2.    Lead with private brand innovation: Shoppers have abandoned the notion that private brands must mirror their national counterparts, and instead, are allowing private brands to a path of innovation. Don’t fast-follow or develop products that mimic what’s on shelves at the store next door. Instead, follow the consumer and deliver first-to-market innovation that reflects and reinforces the principles your brand stands for. You must keep a close pulse on the consumer, get commitment from the top down, forge strong partnerships between retailers and manufacturers, and adhere to a new product development process designed to accelerate speed to shelf. Retailers need to focus on developing the right items based on changing consumer needs and supporting them to raise visibility and understanding of brand benefits. 

“Consumers have given private brands permission to stake a path of innovation on their own, so don’t wait for the national brand or retailer next door to lead,” advises Ryan. The key is to ensure that private brand solutions are complementary to national brands and overall category goals in order to drive total store growth and banner loyalty, she adds.

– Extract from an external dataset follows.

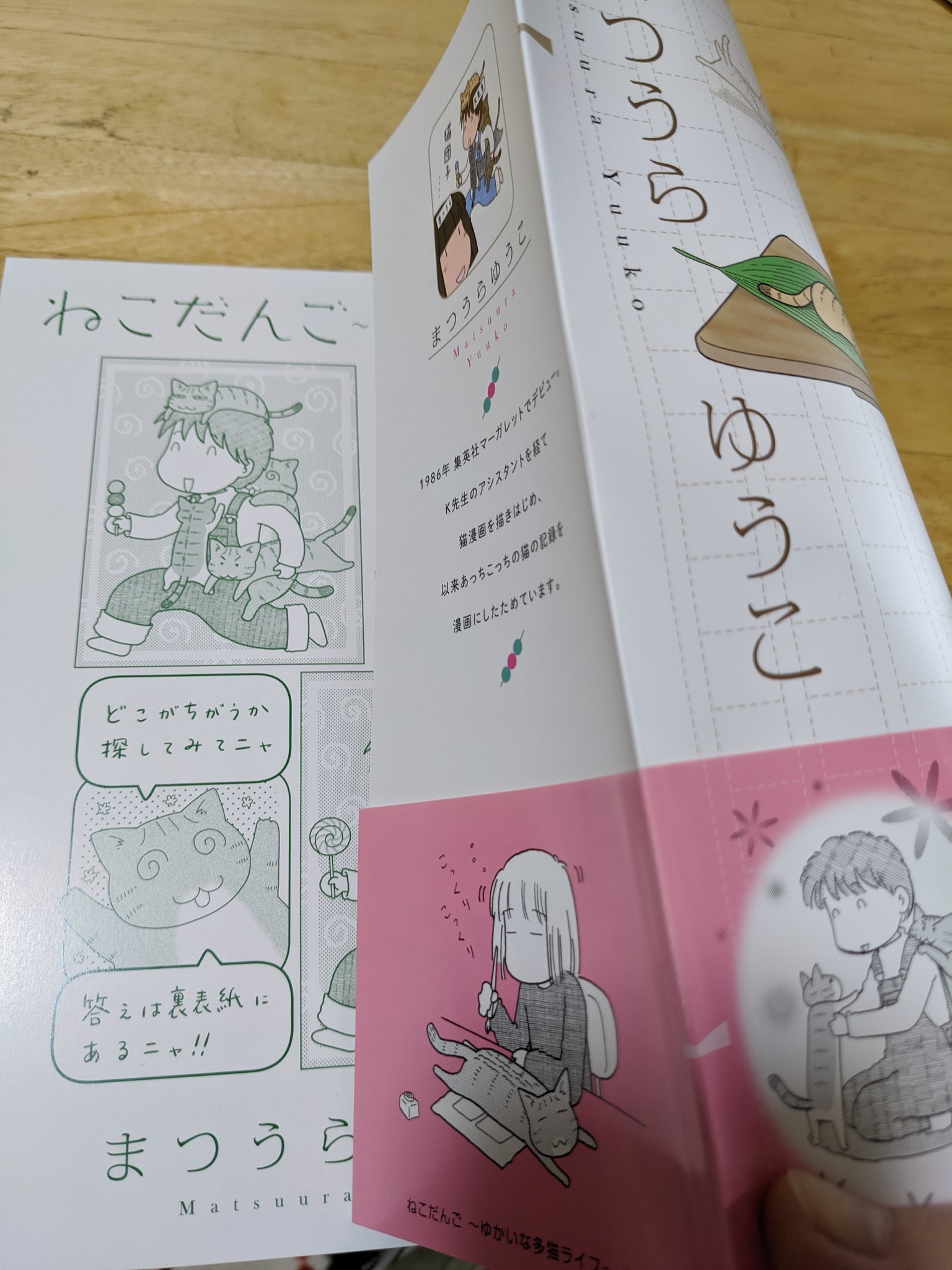 まつうらゆうこ Twitterissa カバーを外すとまちがい探しがあります 遊んでみてくださいね 単行本 多猫ライフ2 ねこだんご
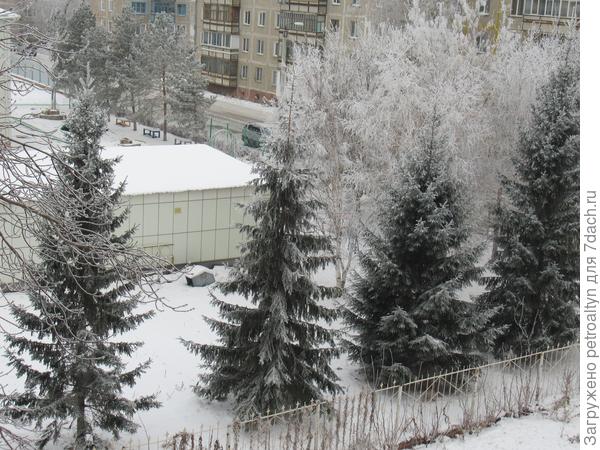 вид из окошка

3.    Market Private Brands as True Consumer Brands: Along with the broader narrative of treating your private 

brands like legacy brands comes supporting them with a comprehensive marketing strategy. Any investment you make in improving and innovating in private brands only matters if your customers know about and understand it. Taking a 360° approach that balances physical and digital marketing platforms inclusive of emerging third-party intermediaries is key to ensuring your brands can actively engage with consumers across the evolving shopping journey.

4.    Extend Private Brands Beyond Borders: Jumpstarting and maintaining growth of your private brand program for the long-term requires thinking beyond the walls of your stores. Consumers’ path to purchase continues to evolve and be disrupted by technology, so consider new and creative ways to extend brands beyond the shelf to remain relevant. Winning in the future requires making investments now to bolster your ecommerce platforms and fulfillment solutions, along with exploring strategic partnerships to tap into new geographic markets.

Looking to the future, retailers need to continue this evolution away from Private Brands being mere options at shelf, to being brands in their own right, explains Ryan. With over 50% claiming to shop at a store specifically for its Private Brands, retailers have the opportunity to better leverage their store brands as drivers of store choice and loyalty. This requires: 

  1. Following the consumer, not the competition;
  2. Creating an internal environment that encourages private brands to be developed in a way that leads national brands and adjusting KPIs according to brand purposes; 
  3. Building and executing unique and consumer-centric private brand strategies against true consumer needs; and 
  4. Maximizing private brand presence beyond the four walls of the store to align with the new path to purchase.